### Data supplied
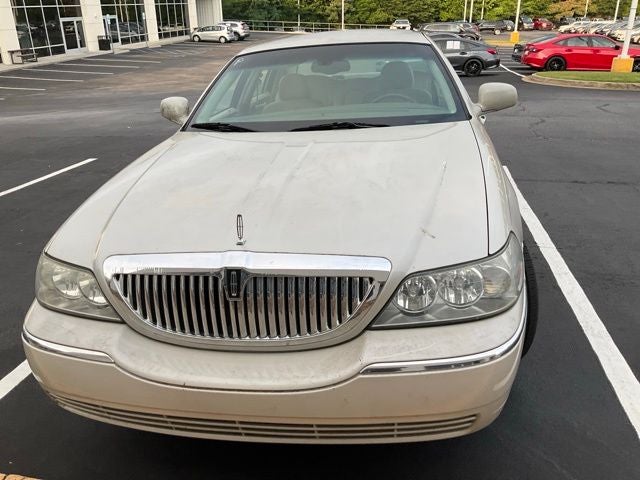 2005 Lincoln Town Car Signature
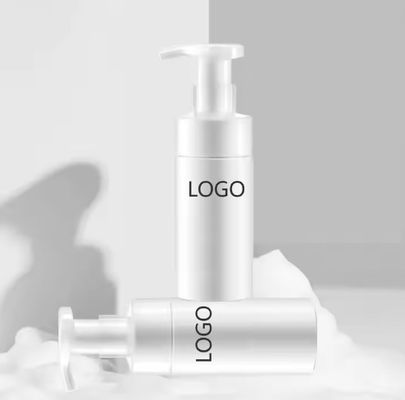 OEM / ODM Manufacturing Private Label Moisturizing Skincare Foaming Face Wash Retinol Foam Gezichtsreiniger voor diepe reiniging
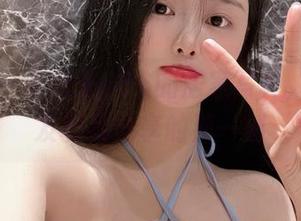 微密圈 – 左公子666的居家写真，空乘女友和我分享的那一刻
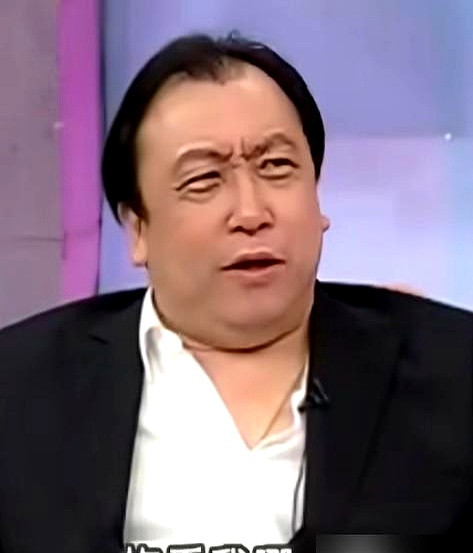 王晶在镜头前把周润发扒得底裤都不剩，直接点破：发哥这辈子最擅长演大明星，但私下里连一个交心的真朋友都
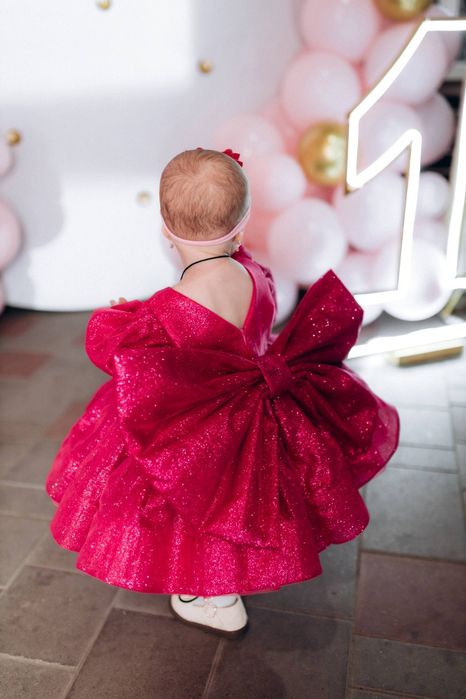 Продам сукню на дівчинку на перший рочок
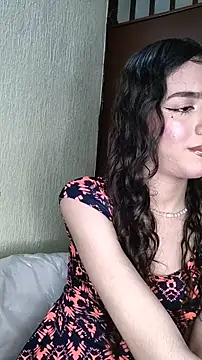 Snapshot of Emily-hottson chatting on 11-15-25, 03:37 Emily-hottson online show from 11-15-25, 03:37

### Exercise requirements
Please return every record above exactly, but leave out the pictures.

### Finished exercise
 2005 Lincoln Town Car Signature
 OEM / ODM Manufacturing Private Label Moisturizing Skincare Foaming Face Wash Retinol Foam Gezichtsreiniger voor diepe reiniging
 微密圈 – 左公子666的居家写真，空乘女友和我分享的那一刻
 王晶在镜头前把周润发扒得底裤都不剩，直接点破：发哥这辈子最擅长演大明星，但私下里连一个交心的真朋友都
 Продам сукню на дівчинку на перший рочок
 Snapshot of Emily-hottson chatting on 11-15-25, 03:37 Emily-hottson online show from 11-15-25, 03:37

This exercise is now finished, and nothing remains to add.